What he refuses to accept, what every adherent to his low tax, spending not a revenue problem political philosophy refuses to accept is that it is this very approach that has exacerbated the problems.
We’ve gone through the pretty much useless exercise of finding efficiencies that helped sweep Ford into power. Take whatever number he wants to throw at you as the number he’s saved while mayor, $400 million, a billion, it doesn’t matter. There’s nothing left to tap. It’s done. No more juice to squeeze.

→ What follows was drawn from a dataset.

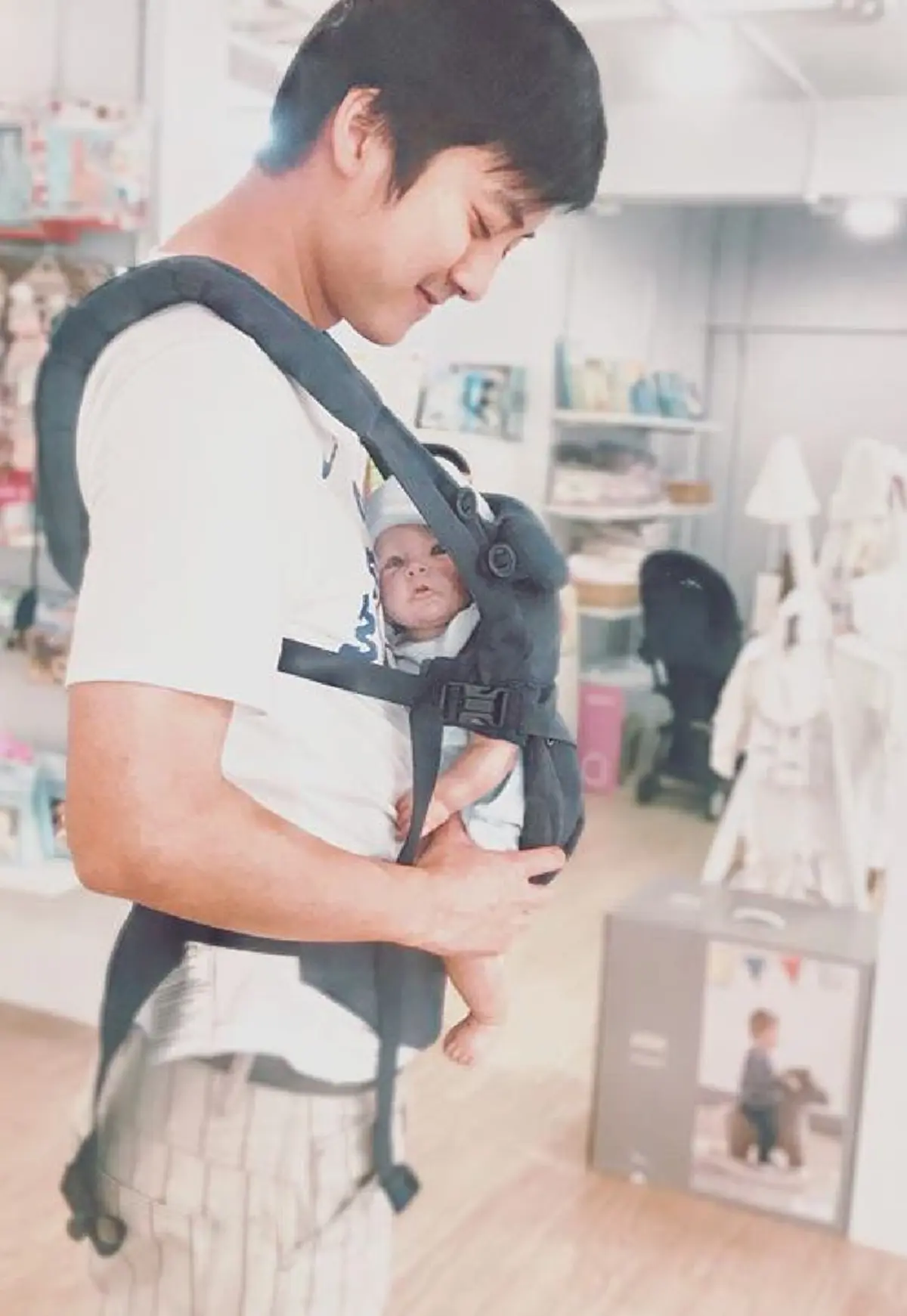 \"เชน ธนา\" ยิ้มแก้มปริ ภรรยาสาว\"เจมส์ กณิการ์\" คลอดลูกชายแล้ว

Don’t believe me? Ask the fiscal hawk of a city manager who’s obediently followed the mayor’s instruction to stop the gravy train. “I believe we’ve gone as far as we can without impacting services,” Joe Pennachetti said in December. While some of us would argue services and programs have already been more than impacted, the statement still stands. We’ve gone as far as we can down this ruinous route of penny-pinching and cheapening of our civic life.
The complaint often heard during Rob Ford’s mayoral run in 2010 was that with all the spending going on under then mayor David Miller (who, it should be noted from the above article, Mr. Pennachetti applauded for beginning the fiscal reforms at City Hall) there was little to show for it.
Not to mention the history of low tax and pay-as-you-go services and programs pursued by many of the former municipalities making up Toronto’s inner suburbs.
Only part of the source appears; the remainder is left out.